May 14, 2003

THE ANTI-AMERICANS
Why the left-turnabout on sanctions? Hypocrisy, thy name is Rahul Mahajan!

Remember how the sanctions were the equivalent of "genocide" committed by the Evil American Imperialists against the Oppressed Peoples of Iraq? Well, that was then, according to Rahul Mahajan, writing on AlterNet, and reprinted in Counterpunch and Commie Dreams, but this is now, and I quote:

"After five years spent working to end the sanctions on Iraq, I find myself in an odd position. I'm opposed to the current U.S. plans to end the sanctions."

Say what? So "genocide" is no longer genocide? Apparently so. As Rahul puts it: "The new situation is fascinating."

Well, uh, yes, it is, in the same way that a car wreck or a heart attack is fascinating: if only to observe how ugly reality can get. And how knee-jerk anti-Americanism, and not concern for the Iraqi people, motivates a certain section of the anti-war movement in this country and abroad.

Oh, but "actually, it's not so confusing," Rahul reassures us. You see, the evil U.S. refuses to set up a puppet government in Iraq "under neutral UN auspices rather than under those of an occupying power with clear plans for increased regional domination." Instead of making Kofi Annan and the UN bureaucracy the absolute dictators of Iraq, the U.S. is going to rule directly, set up permanent military bases, and use this as a platform from which to launch attacks on Iran and Syria.

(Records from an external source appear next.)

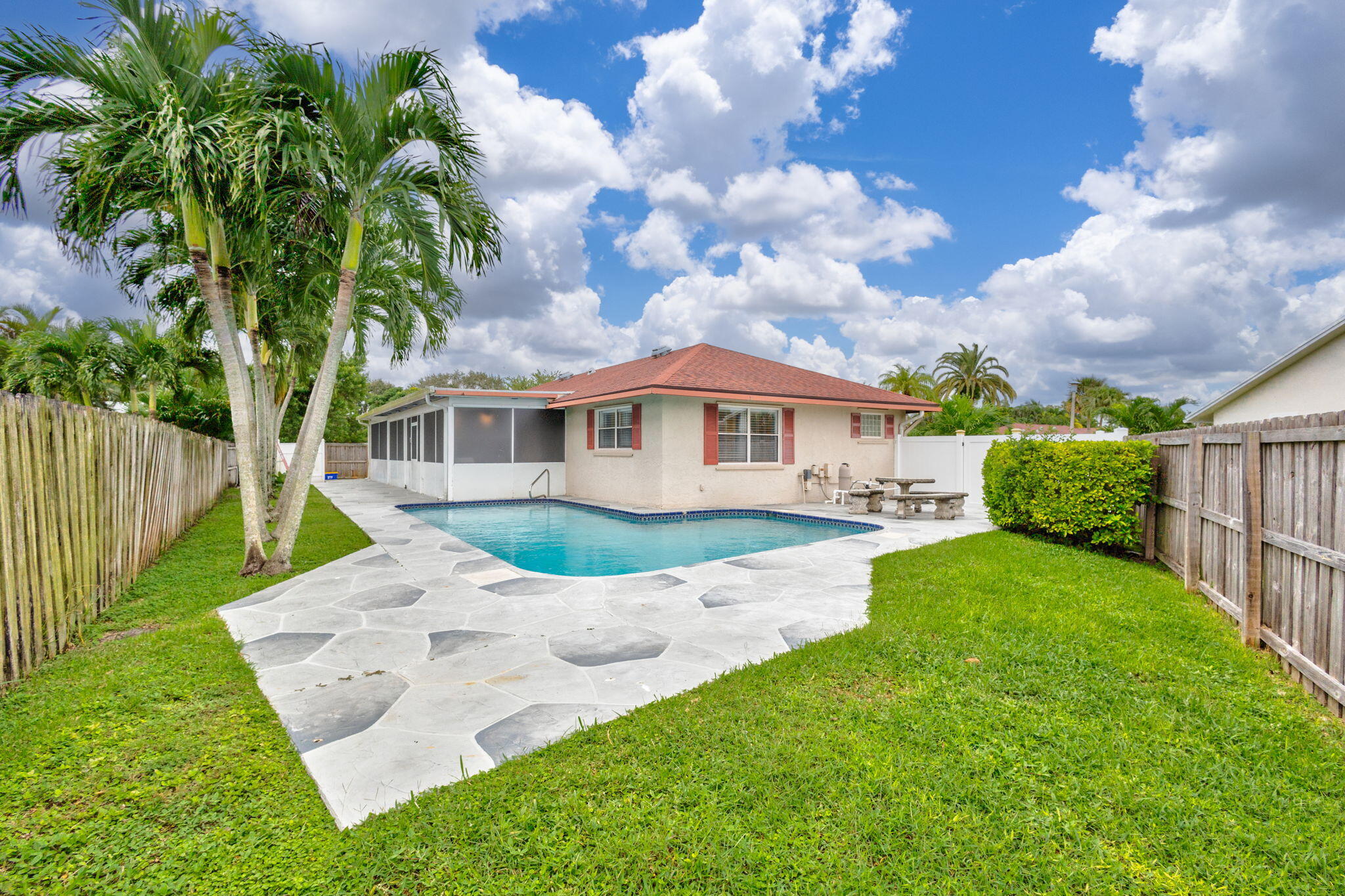 1294 Larch Way Way
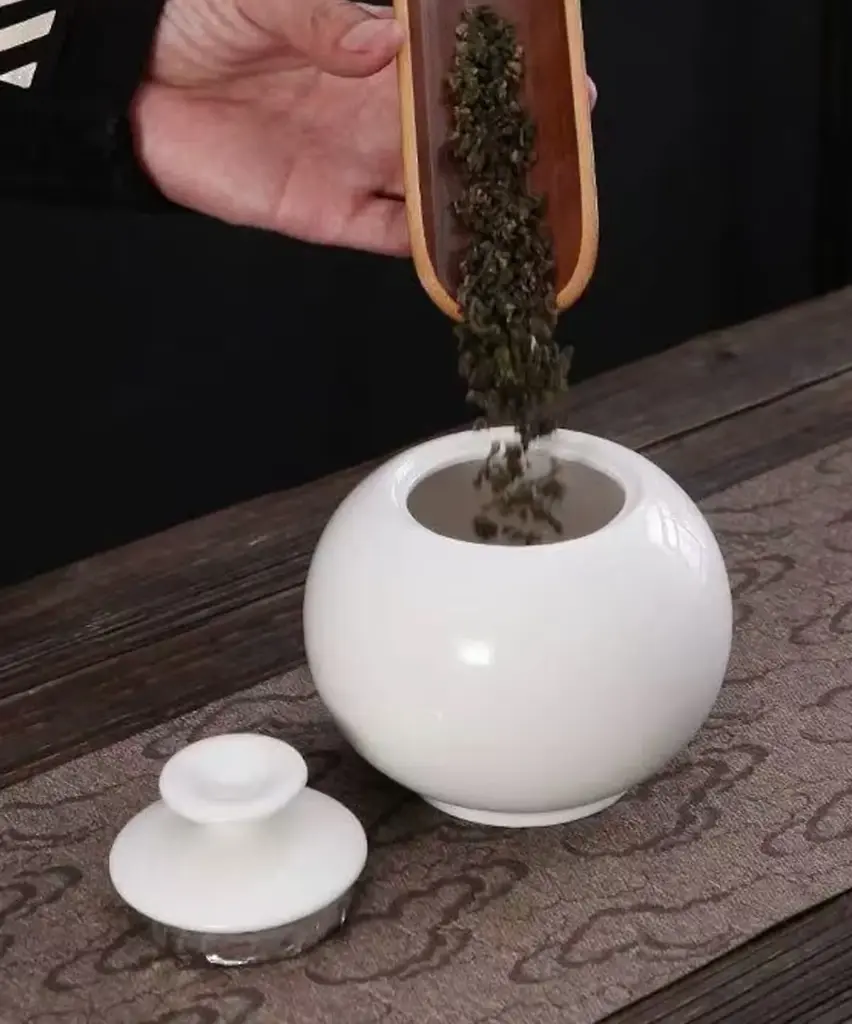 白色茶罐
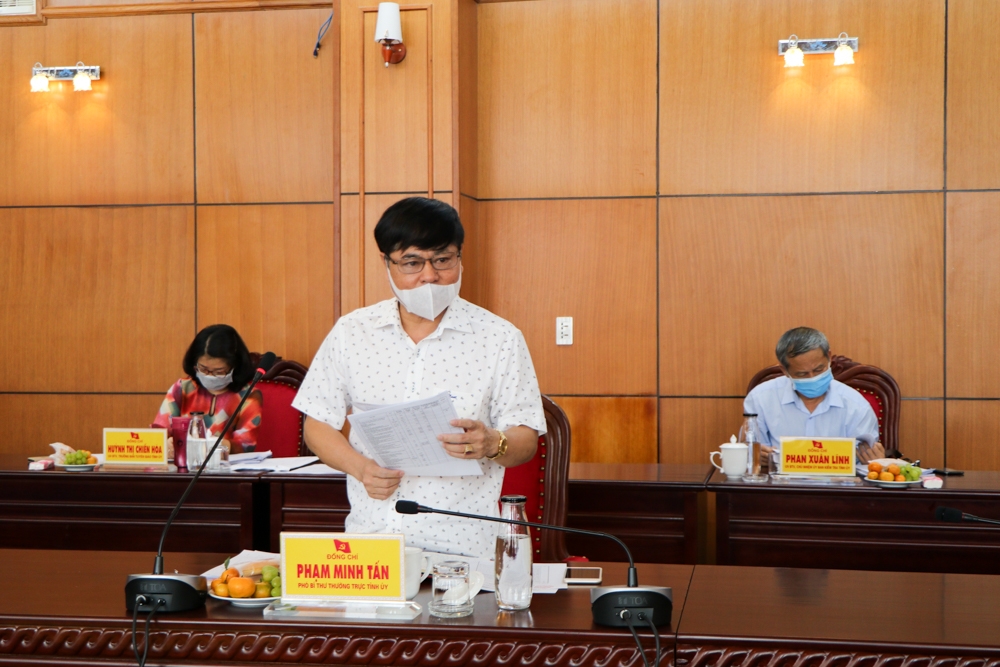 Phó Bí thư Thường trực Tỉnh ủy Phạm Minh Tấn phát biểu tại hội nghị.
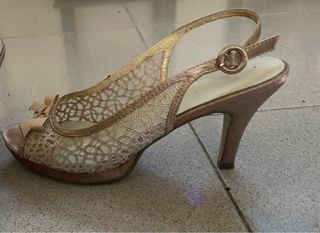 Sandalias tacón beige mujer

While Rahul is right that Syria is definitely in the Bushies' sights, Iran is a different story altogether. The Iranians were cheering on the U.S. invasion, albeit not too loudly, which eliminated their deadliest enemy and chief regional competitor. Now we learn that they were all the while negotiating with the Americans in order to come to some kind of mutual understanding. Power politics, it seems, is a bit more complex than the "America, bad, everybody else, good" doctrine of the Third World Left.

The really telling example of U.S. perfidy, however, is Rahul's trope about how those dastardly Americans are also plotting "to force the Palestinians to acquiesce to the Israeli occupation through the latest 'peace plan.'" Give me a break, willya? The Bushies are going out on a political limb with this "road-map" business, which the Israelis are hopping mad about: "Force the Palestinians to acquiesce"? That has got to be a typo! He must mean force the Israelis to acquiesce. Or else why has their American amen corner gone ballistic at the mere prospect that the "road map" may lead to the creation of a universally-recognized Palestinian state?

The whole thing, avers Rahul, is a plot by the U.S. to "privatize, at least in part," Iraq's oil wealth, and "pay off American corporations" while planning the conquest of the Middle East. Military force can accomplish these goals, is the contention, but

"Some problems are the kind that can't be solved by bombs. Existing UN resolutions require Security Council approval for Iraqi oil sales and for disbursement of oil money to pay for other goods. Other countries may be leery of buying Iraqi oil without some clear understanding that what they're doing is legal, so the United States cannot simply declare those resolutions void by fiat, the way it declared war on Iraq."

What this boils down to is: who gets all that Iraqi oil? Rahul wants the UN to get it, and the Rumsfeld-Wolfowitz-Dennis Miller cabal wants to reward "corporations like Bechtel that are closely tied to current and past administration figures in closed bidding processes with no foreign corporations allowed." The war, it turns out, was mostly a scheme so that" the United States will be able to use Iraq's money to pay off mostly American corporations." And that's not fair! Why not let some of the other nations – who, after all, just stood around and watched as the U.S. beat up the schoolyard weakling – in on picking the victim's pockets? Why, those greedy American imperialists!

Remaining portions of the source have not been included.